Krupski:
Are you using a character LCD or a graphical one?Regardless, you should check out the Noritake VFD (vacuum florescent display) devices. They have character LCD drop-in replacements and also KS-108 compatible graphical displays.
Their displays have both parallel and serial interfaces. The serial interfaces are not RS-232, but SPI-like (just like SPI, but using only one line for both MISO and MOSI).
Here's a pic of a few of them. The one on top is a huge 20X4 character display, the one on the right is a 16X2, and the left one is a 128X64 graphics display.
There are also an Arduino driver library for these (the character displays are HD44780 compatible, so they will also work with the stock "LiquidCrystal" library).
Hope this helps...
(by the way, the orange/yellow tape on the display is a cover sheet to protect the glass. There's a protective sheet on all the displays - they don't come that way but since I use them "in the open" I've got protection for the glass).
Bottom left one looks cool. But the display I use is a full color TFT. You can check it here . The idea behind them is really cool. All the graphical processing is done on the displays own MCU. And it can refresh every element on screen at 40hz+
In a previous project, I tried using regular 2.4" TFT's, even when it's refreshing just a two digit 20 punto field you can see the flickering. My project required refreshing more than half of the pixels on the screen as fast as possible. I knew a normal 8bit arduino wouldn't have cut it.

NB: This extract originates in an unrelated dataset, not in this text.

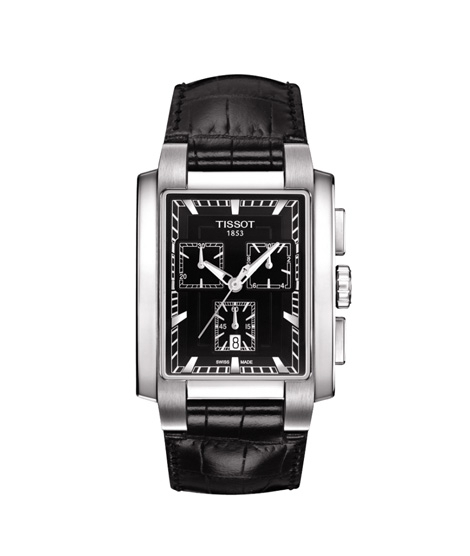 iShopping - Tissot TXL Men's Watch Black (T0617171605100)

I was either gonna use something like Teensy(with it's ridicilously fast TFT library) or a TFT which has it's own GPU. I picked the second option. Now I'm thinking maybe I was better off with Teensy....
The Nextion display itself is awesome. But the library and software for it is at best it's infancy. I'd bet good money that if someone like the creator of Teensy created a new library for Nextion, he could reduce the overhead by ten. I'm relatively new to microprocessor programming and even I managed to improve the original library to some extend.
Btw, I really wish capacitive touch TFT's would become the norm. I'm not even after the touch functionality, I just don't like the plastic on top of screen. It scratches too easy and looks like it's from 1980s.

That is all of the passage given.